Sowjetsk hieß bis 1946 noch Tilsit, seitdem trägt die Stadt an der Memel die Zeit des Kommunismus deutlich im Namen. Doch wer Sowjetsk besucht, wird überrascht: Denn beim Spaziergang durch die Stadt stößt man vor allem auf preußische Spuren.

Von Henning von Löwis | 02.01.2015
    Der preußische Adler im russischen Sowjetsk.
    2013 wurde der Brunnen von Sowjetsk renoviert. Ihn ziert ein preußischer Adler. (Deutschlandradio / Henning von Löwis)
    Erkundungen in einer Stadt, die einmal Tilsit hieß und seit 1946 den Namen Sowjetsk trägt. Anschelika Schpiljowa, Direktorin des Geschichtsmuseums von Sowjetsk, führt zu Plätzen, die für die Historie der Stadt eine besondere Rolle spielen.

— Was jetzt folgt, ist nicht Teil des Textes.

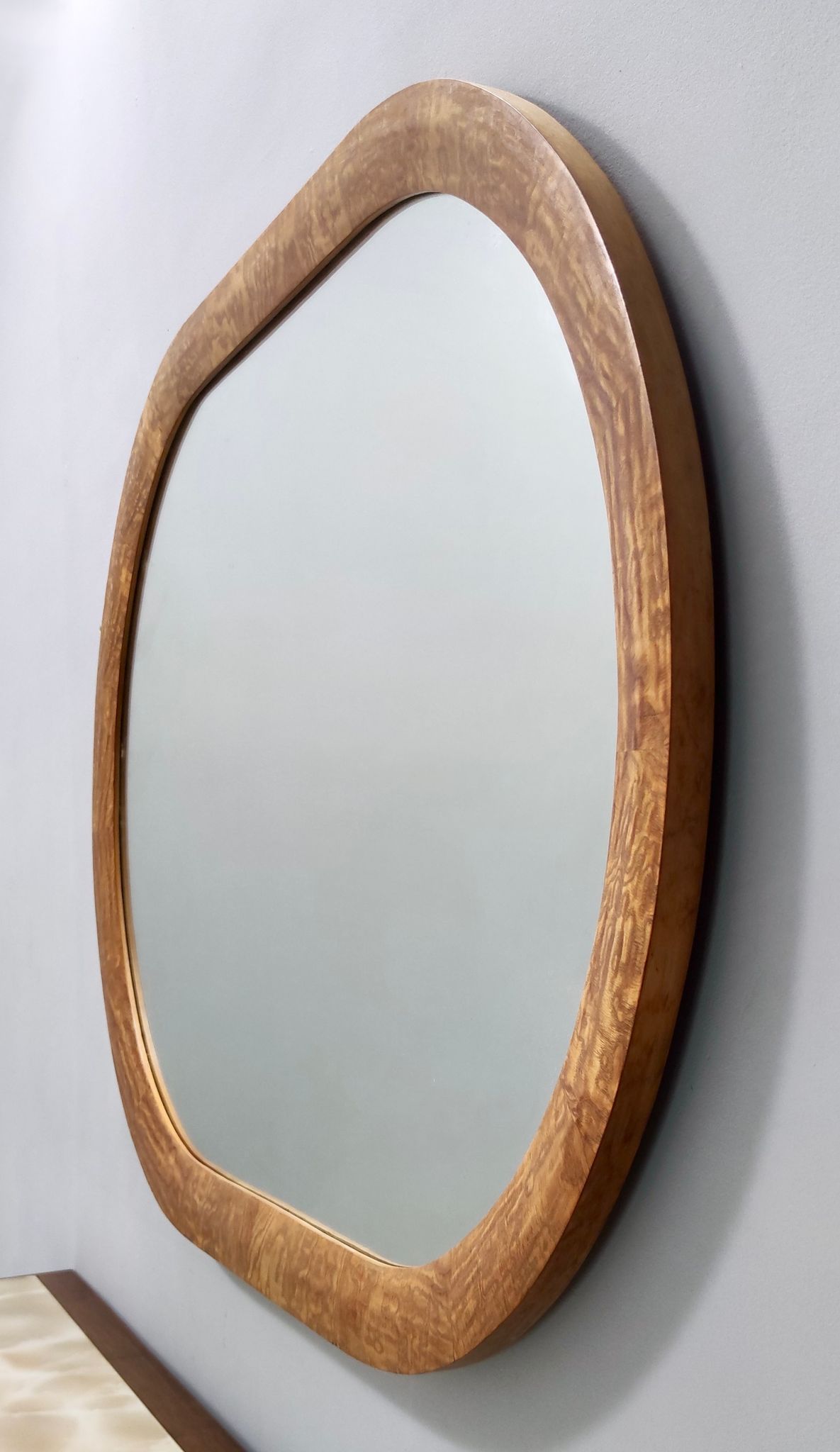 Oval Vintage Wall Mirror with Ash Root Frame, Italy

    "Am Hohen Tor, hieß dieser Platz vor der Zeitenwende in Ostpreußen."
    Die Stadttore, die einst hier standen, seien bereits 1861 abgerissen worden.
    Beherrscht wird der Lenin-Platz selbstverständlich von seinem Namenspatron - dem Gründer des Sowjetstaates.
    "1967 wurde das Lenin-Denkmal in Sowjetsk errichtet, geschaffen von zwei lettischen Künstlern."
    Ein Elch im Exil
    Gleich gegenüber, einen Steinwurf von Lenin entfernt: der Tilsiter Elch - Ostpreußens Wappentier in Überlebensgröße, heimgekehrt nach Tilsit nach Jahrzehnten im Königsberger Exil.
    Die Elchstatue
    Die Elchstatue (Deutschlandradio / Henning von Löwis)
    Verwundert mag sich der Elch, seine großen Bronzeaugen gerieben haben:Wie Manfred Urbschat, Mitglied des Vorstands der Stadtgemeinschaft Tilsit, betont, war die "Operation Elch" ein aufwendiges und kostspieliges Unterfangen.
    Es bedurfte langer Verhandlungen mit den Stadtoberen in Kaliningrad, ehe sie ihn endlich 2006 vom Pregel an die Memel ziehen ließen. Im Königsberger Zoo war es dem Elch nicht gut ergangen. Die teilweise abgebrochenen Schaufeln mussten restauriert werden.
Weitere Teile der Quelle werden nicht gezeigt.